Potential benefits of resistant starch for non-alcoholic fatty liver disease

Potential benefits of resistant starch for non-alcoholic fatty liver disease

Resistant Starch: A Promising Treatment for Fatty Liver Disease


Supplements can sometimes help people with non-alcoholic fatty liver disease. (Image Source: FootageStockEasy/Getty Images)

Are you struggling with non-alcoholic fatty liver disease (NAFLD)? Well, there might be some good news for you. Researchers have recently discovered a potential treatment for NAFLD using resistant starch. Not only does this starch positively affect metabolism, but it may also help reduce liver injury and inflammation, lowering the risk of developing NAFLD.

The Groundbreaking Study on Starch and Liver Disease

In a study published in the journal Cell Metabolism, researchers recruited 200 people with NAFLD and provided them with a balanced diet. Half of the participants received a resistant starch powder derived from maize, while the other half received a non-resistant corn starch with a matching calorie content.
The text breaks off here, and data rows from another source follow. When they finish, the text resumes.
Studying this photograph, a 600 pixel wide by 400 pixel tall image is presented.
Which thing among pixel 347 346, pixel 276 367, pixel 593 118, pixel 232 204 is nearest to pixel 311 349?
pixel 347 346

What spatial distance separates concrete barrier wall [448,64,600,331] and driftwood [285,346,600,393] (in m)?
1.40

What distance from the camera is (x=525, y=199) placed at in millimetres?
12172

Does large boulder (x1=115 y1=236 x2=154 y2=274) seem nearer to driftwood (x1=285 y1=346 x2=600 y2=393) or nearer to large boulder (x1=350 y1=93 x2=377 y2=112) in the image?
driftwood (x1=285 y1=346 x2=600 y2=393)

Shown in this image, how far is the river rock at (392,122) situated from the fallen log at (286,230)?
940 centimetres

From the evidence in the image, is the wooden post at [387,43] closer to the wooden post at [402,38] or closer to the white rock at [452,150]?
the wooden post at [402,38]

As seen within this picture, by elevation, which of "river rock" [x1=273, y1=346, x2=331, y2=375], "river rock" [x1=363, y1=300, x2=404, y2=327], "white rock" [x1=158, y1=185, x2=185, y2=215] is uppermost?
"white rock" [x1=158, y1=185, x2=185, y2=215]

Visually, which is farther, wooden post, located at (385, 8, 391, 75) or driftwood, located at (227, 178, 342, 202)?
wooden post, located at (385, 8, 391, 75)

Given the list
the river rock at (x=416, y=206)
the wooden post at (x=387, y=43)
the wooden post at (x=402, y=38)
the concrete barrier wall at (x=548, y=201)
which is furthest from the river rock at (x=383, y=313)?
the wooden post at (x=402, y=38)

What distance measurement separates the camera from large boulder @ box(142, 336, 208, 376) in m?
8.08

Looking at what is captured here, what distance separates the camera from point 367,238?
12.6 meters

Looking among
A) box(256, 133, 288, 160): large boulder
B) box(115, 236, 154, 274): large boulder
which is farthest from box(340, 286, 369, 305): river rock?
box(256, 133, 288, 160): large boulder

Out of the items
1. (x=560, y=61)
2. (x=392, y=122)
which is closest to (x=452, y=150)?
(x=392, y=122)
Both groups were instructed to consume 40 grams of starch mixed with water before meals twice a day for four months.

After the four-month period, the results were astounding. The group that received the resistant starch treatment showed a nearly 40% decrease in liver triglyceride levels compared to the control group. In addition, they had reduced liver enzymes and inflammatory factors associated with NAFLD. Even after adjusting for weight loss, the improvements remained significant.

The Role of Gut Microbiota

To further understand the mechanism behind the treatment, the researchers analyzed fecal samples from the participants. They found that the group receiving the resistant starch had a different composition of gut microbiota. Specifically, they had a lower level of Bacteroides stercoris, a type of bacteria that can affect fat metabolism in the liver.
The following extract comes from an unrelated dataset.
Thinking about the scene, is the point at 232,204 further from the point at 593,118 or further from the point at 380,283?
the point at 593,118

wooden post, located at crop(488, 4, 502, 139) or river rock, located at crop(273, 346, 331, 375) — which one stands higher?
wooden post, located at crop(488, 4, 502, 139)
To validate the role of gut microbiota in the treatment, the researchers transplanted the resistant starch group’s fecal microbiota into mice fed a high fat, high cholesterol diet. The results were promising, with the mice experiencing a significant reduction in liver weight and triglyceride levels, as well as improved liver tissue grading, compared to those transplanted with microbiota from the control group.

Dr. Hardeep Singh, a gastroenterologist with Providence St. Joseph Hospital, hailed this study as an interesting breakthrough in understanding the potential connection between the gut microbiome and fatty liver disease. However, he also emphasized the need for further research before recommending resistant starch as a treatment option for NAFLD.

Non-Alcoholic Fatty Liver Disease: The Silent Threat

NAFLD occurs when fat accumulates in the liver, potentially leading to severe liver disease and increasing the risk of developing other conditions like type 2 diabetes and cardiovascular disease. Unfortunately, there are currently limited treatment options for this condition. Weight loss through diet and lifestyle modification remains the primary approach.

Studies have shown that weight loss, particularly through bariatric surgery, can reduce fatty liver disease and scarring. Coffee consumption, specifically 2 to 3 cups of regular black coffee per day, has also been associated with reduced fat and scarring in the liver. Additionally, vitamin E supplementation has shown promising results in improving fatty liver disease in select patients.

Prevention is Key: Tips to Avoid NAFLD

Prevention is always better than cure. The Ohio State University, Wexner Medical Center recommends adopting a healthy lifestyle to prevent NAFLD. Following the Mediterranean diet and monitoring sugar intake can be beneficial in avoiding the accumulation of fats in the liver that lead to injury, inflammation, and fibrosis.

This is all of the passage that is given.